In the entries below, find the line with "CRISS-CROSS STRAP HEELED SANDALS" and the line with "Patio area with"; copy them and every line between them exactly, but not the pictures.

The data:
________

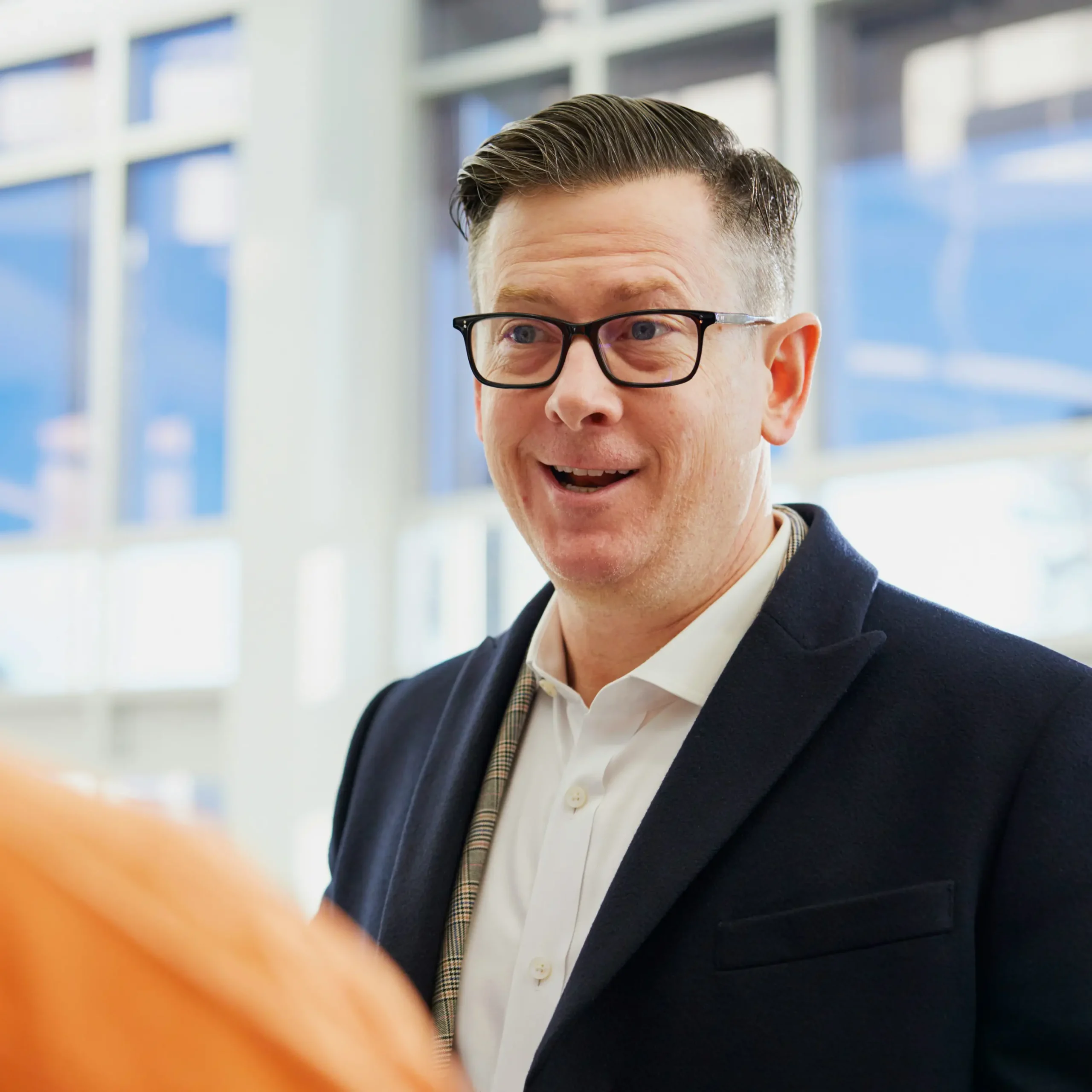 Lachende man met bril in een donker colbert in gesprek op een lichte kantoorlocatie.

________

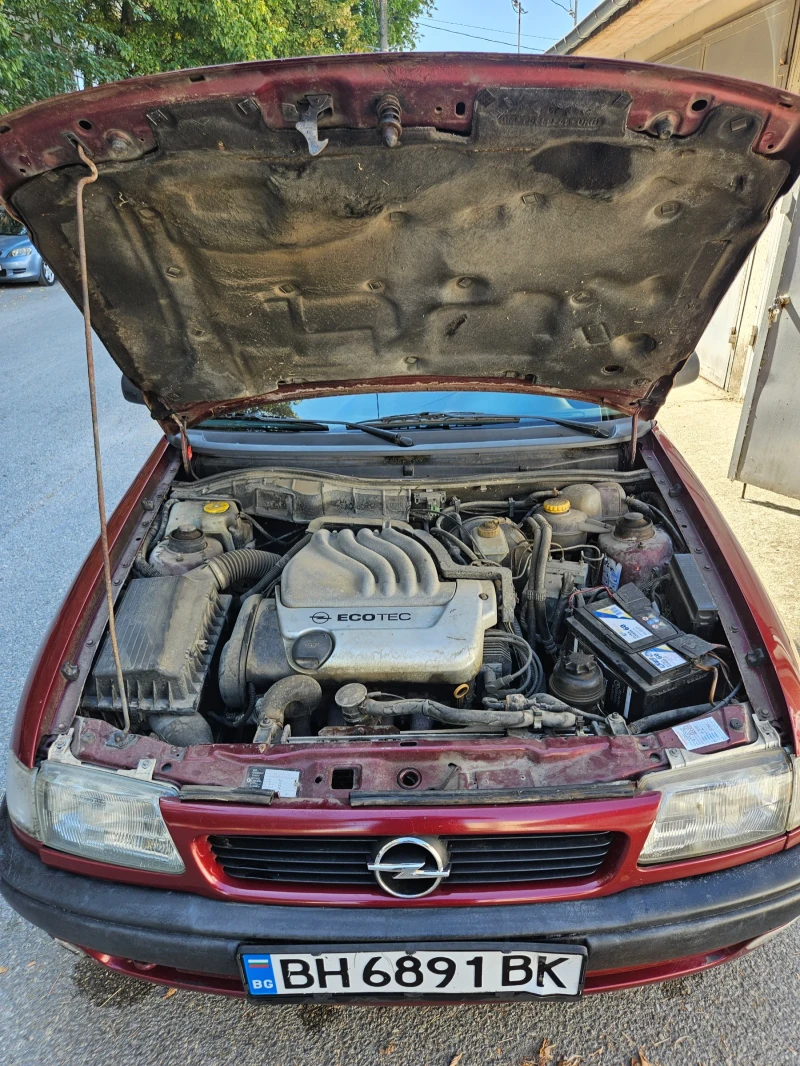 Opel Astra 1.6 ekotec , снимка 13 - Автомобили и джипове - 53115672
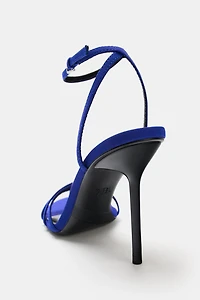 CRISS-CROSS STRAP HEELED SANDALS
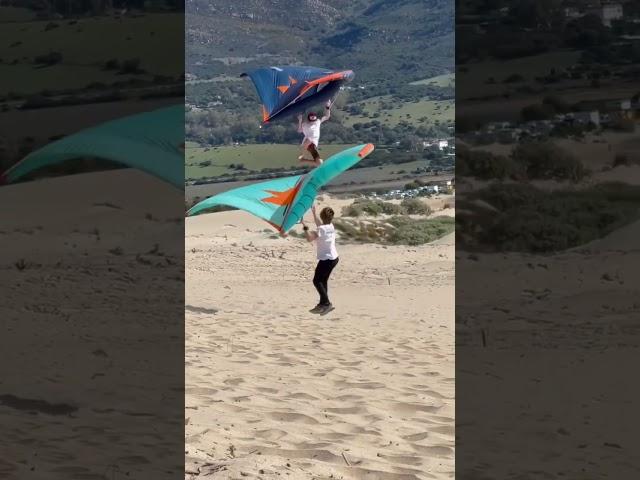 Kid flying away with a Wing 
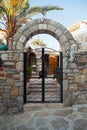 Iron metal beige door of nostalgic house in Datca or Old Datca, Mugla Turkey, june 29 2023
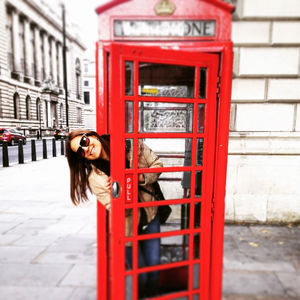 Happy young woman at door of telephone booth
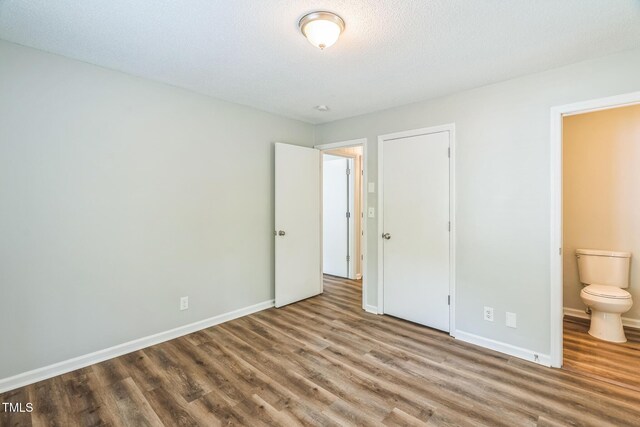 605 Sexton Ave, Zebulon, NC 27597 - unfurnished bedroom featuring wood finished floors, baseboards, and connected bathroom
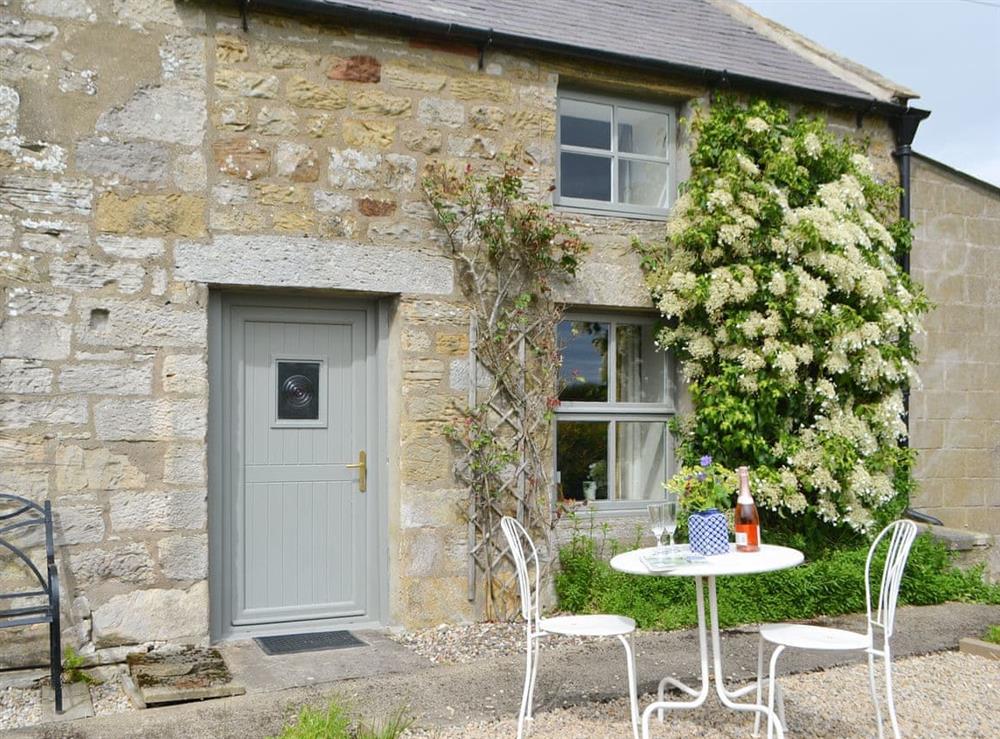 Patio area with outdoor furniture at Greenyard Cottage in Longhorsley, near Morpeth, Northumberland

________

Written solution:
 CRISS-CROSS STRAP HEELED SANDALS
 Kid flying away with a Wing 
 Iron metal beige door of nostalgic house in Datca or Old Datca, Mugla Turkey, june 29 2023
 Happy young woman at door of telephone booth
 605 Sexton Ave, Zebulon, NC 27597 - unfurnished bedroom featuring wood finished floors, baseboards, and connected bathroom
 Patio area with outdoor furniture at Greenyard Cottage in Longhorsley, near Morpeth, Northumberland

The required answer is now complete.